### Work order:
Without including any pictures, reproduce all the lines below word for word.

### Data for this exercise:
※

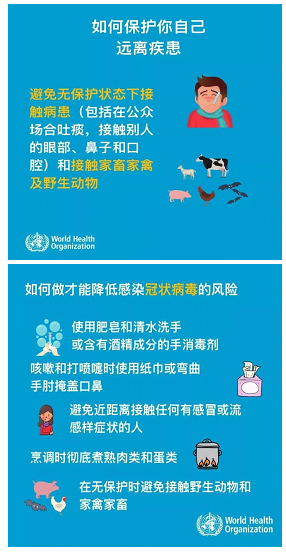 国产高清无密码一区二区三区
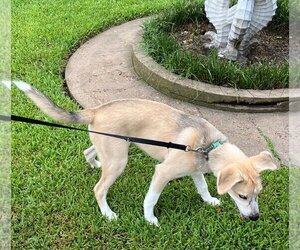 Huskies -Labrador Retriever Mix Dogs for adoption in HOUSTON, TX, USA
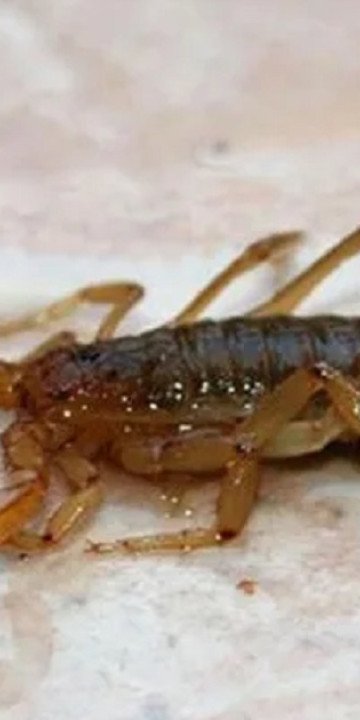 Más de 250 picaduras de alacranes en Salta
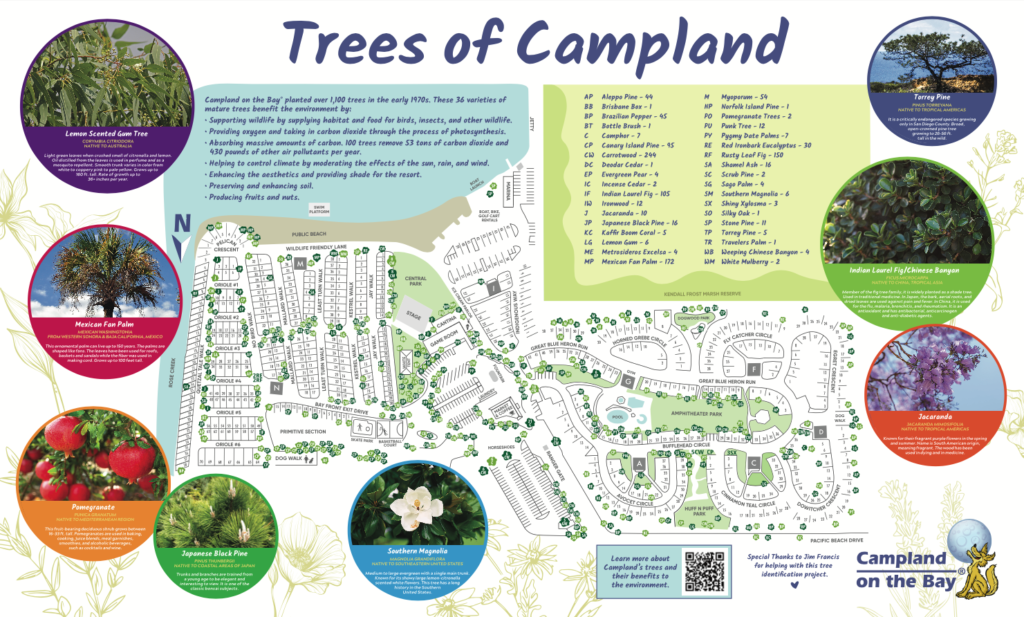 Trees of Campland Map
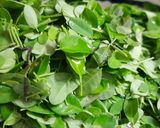 Hình bước làm 1 của món Canh rau chùm ngây nấu tôm thịt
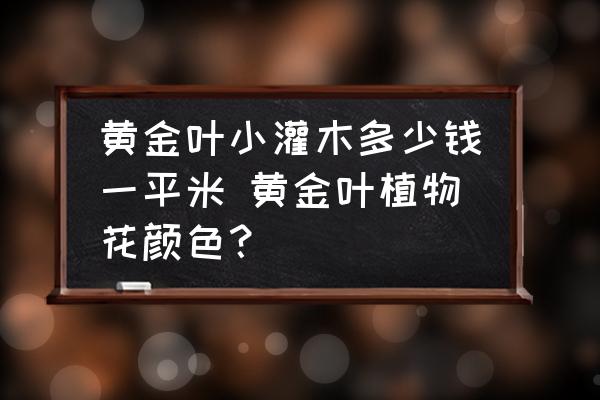 黃金葉小灌木多少錢(qián)一平米 黃金葉植物花顏色？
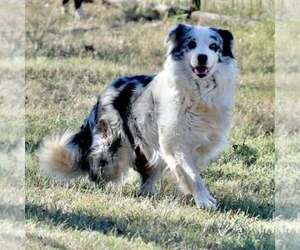 Mother of the Border-Aussie puppies born on 05/05/2026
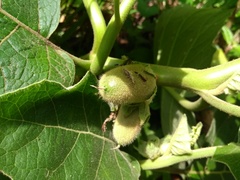 Solanum sessiliflorum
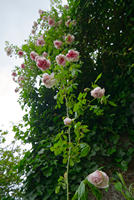 Cjp_2025_06_01_154618.jpg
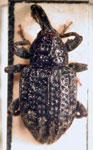  Conotrachelus variolosus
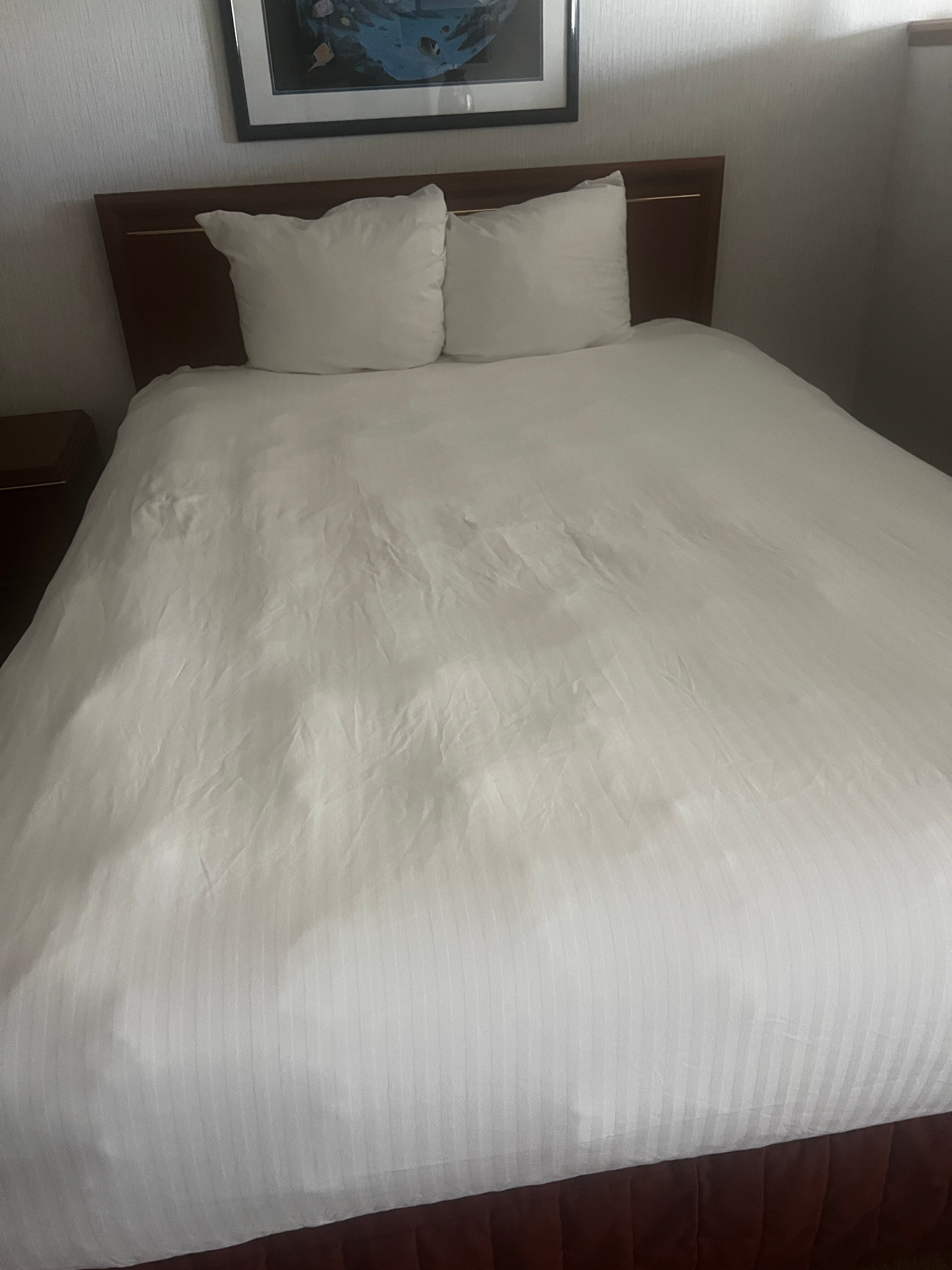 大西洋海岸希洛套房酒店-客卧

※

### Result:
 国产高清无密码一区二区三区
 Huskies -Labrador Retriever Mix Dogs for adoption in HOUSTON, TX, USA
 Más de 250 picaduras de alacranes en Salta
 Trees of Campland Map
 Hình bước làm 1 của món Canh rau chùm ngây nấu tôm thịt
 黃金葉小灌木多少錢(qián)一平米 黃金葉植物花顏色？
 Mother of the Border-Aussie puppies born on 05/05/2026
 Solanum sessiliflorum
 Cjp_2025_06_01_154618.jpg
  Conotrachelus variolosus
 大西洋海岸希洛套房酒店-客卧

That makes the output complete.